[Exercise prompt]
Please restate word for word the lines of the entries below from the one with "Latte nutriente alla cold cream 200ml" to the one with "composite-door-crystal-flower-chartwell-green.png", inclusive, and leave out every picture.

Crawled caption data
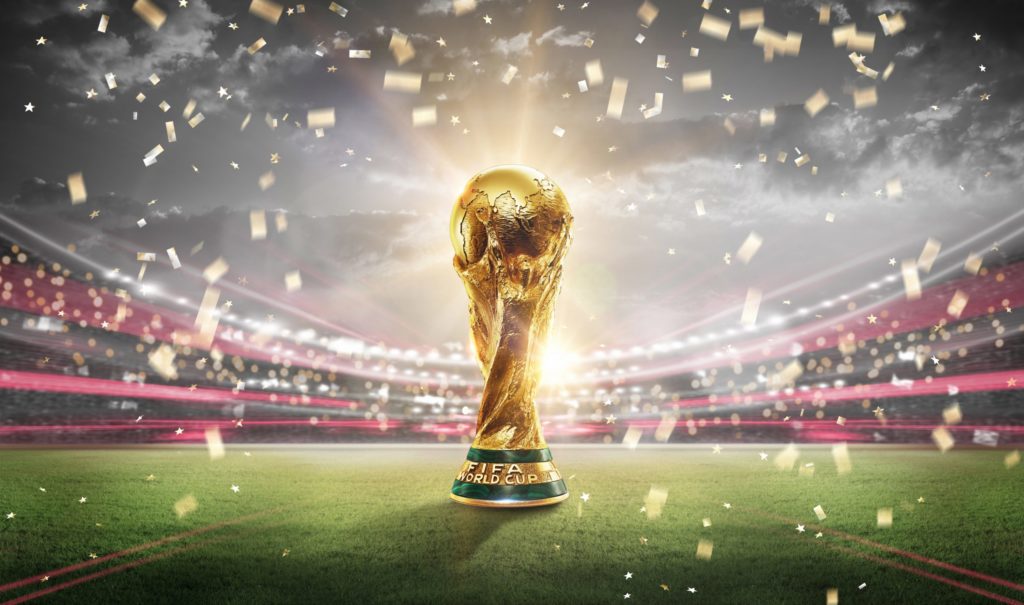 where to watch the fifa world cup 2022 in hong kong
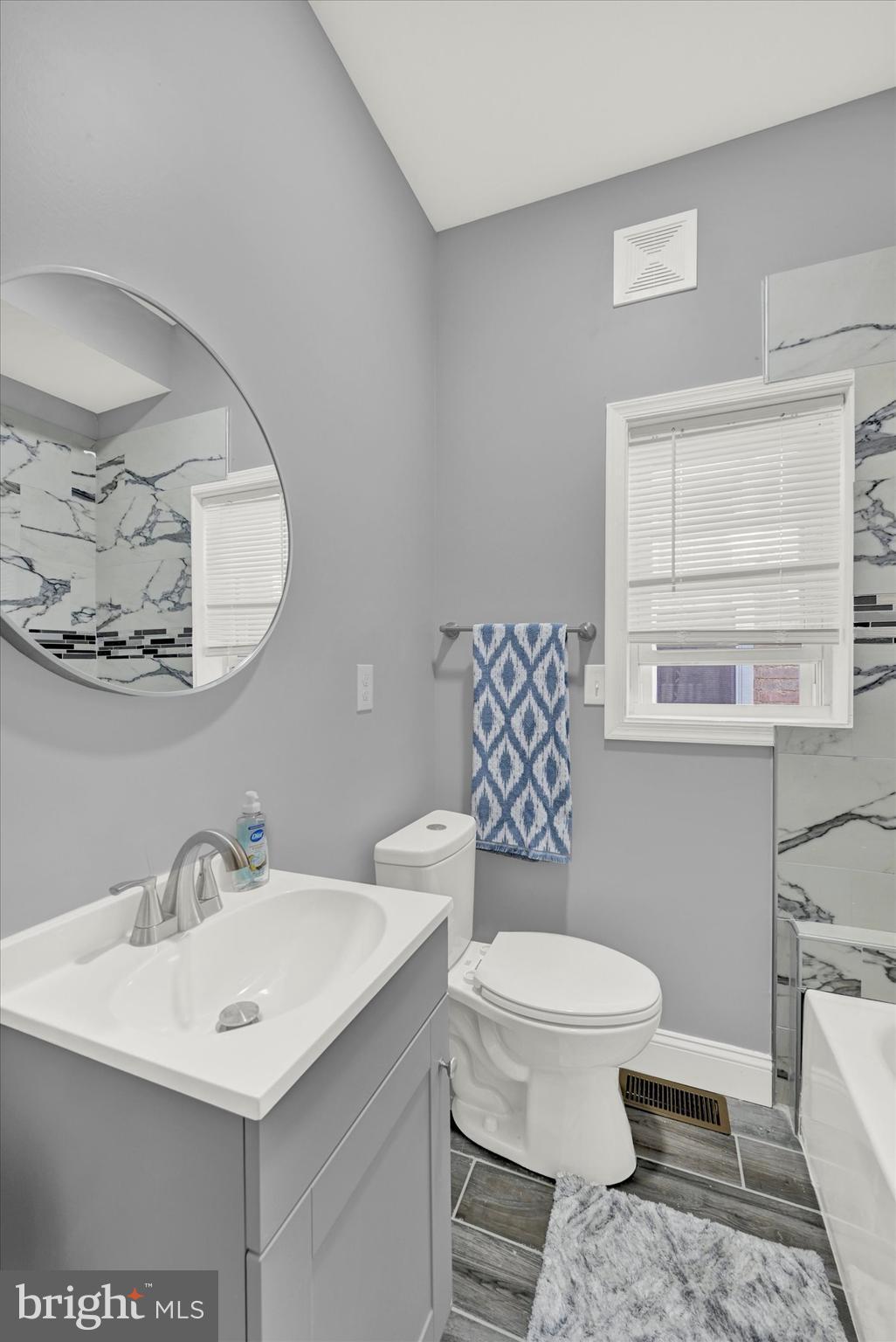 1815 Appleton Street Baltimore, MD 21217 - Photo 21 of 32 Gallery Image 21
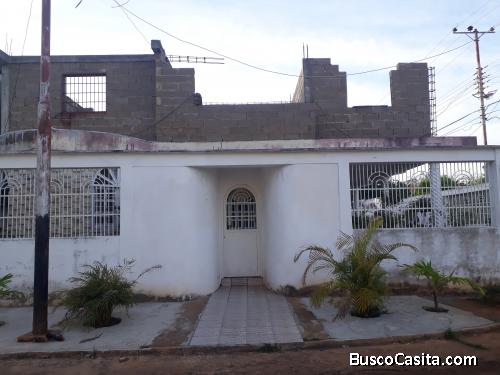  Casa En Venta En Curagua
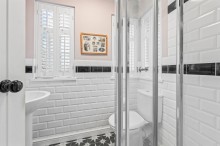 Images for Lower Rake Lane, Helsby, WA6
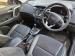 Hyundai Creta 1.6 Executive auto - Thumbnail 6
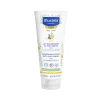 Latte nutriente alla cold cream 200ml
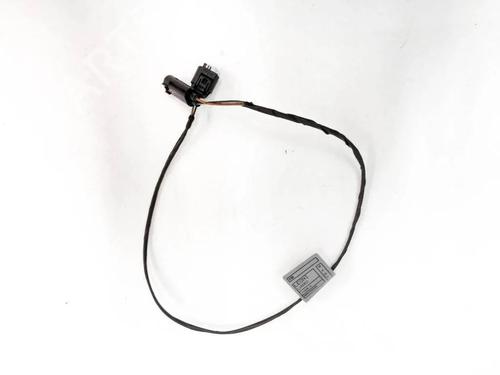 Wiring harness BMW 3 Coupe (E92) 320 d xDrive | BP36268981E16 - Image 2
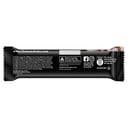 The Man Bar Rocky Road 50g thumbnail 3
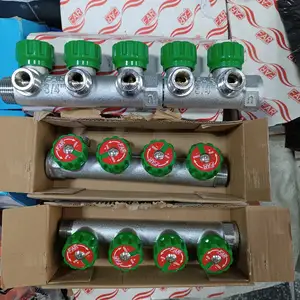 Коллектор, Душанбе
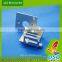 Durable l Shaped Metal Bracket For Wide Application
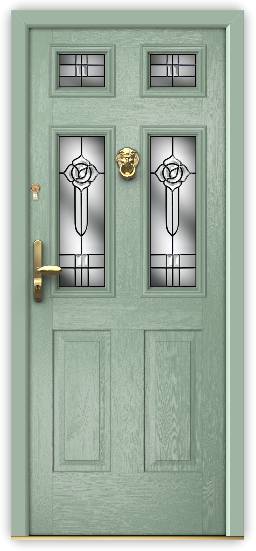composite-door-crystal-flower-chartwell-green.png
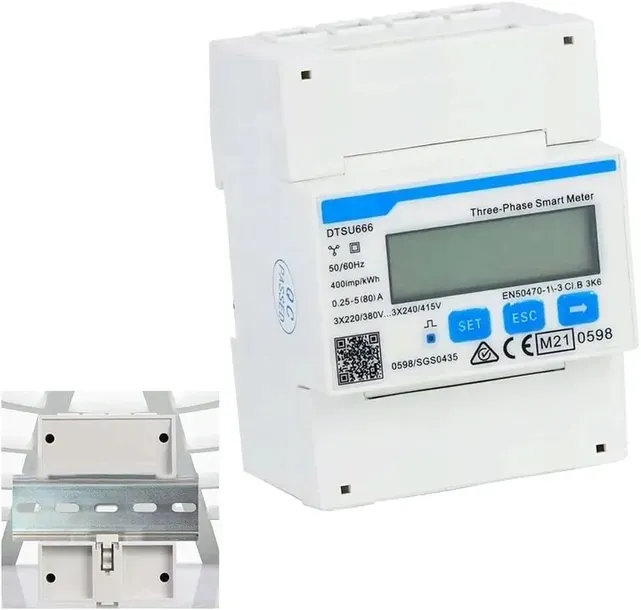 chint-dtsu666-modbus-mid-licznik-dwukierunkowy-3f-kod-producenta-524682643-stan-nowy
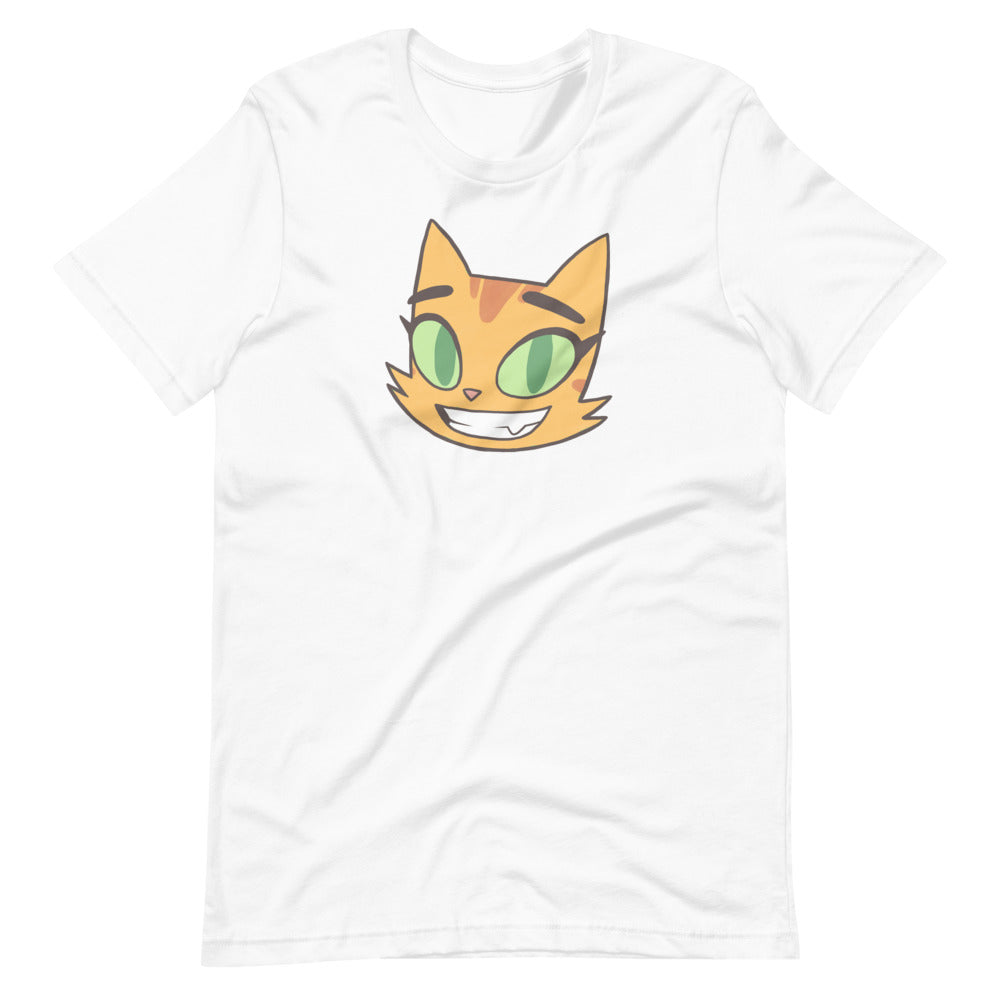 Fran Unisex T-Shirt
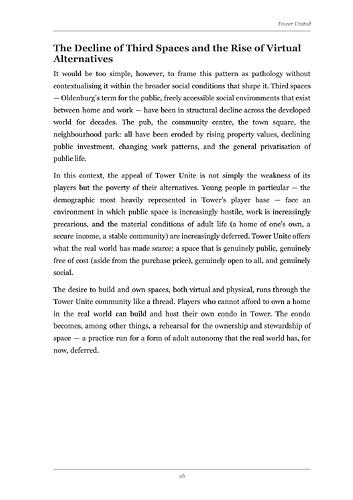 page-46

[Exercise output]
 Latte nutriente alla cold cream 200ml
 Wiring harness BMW 3 Coupe (E92) 320 d xDrive | BP36268981E16 - Image 2
 The Man Bar Rocky Road 50g thumbnail 3
 Коллектор, Душанбе
 Durable l Shaped Metal Bracket For Wide Application
composite-door-crystal-flower-chartwell-green.png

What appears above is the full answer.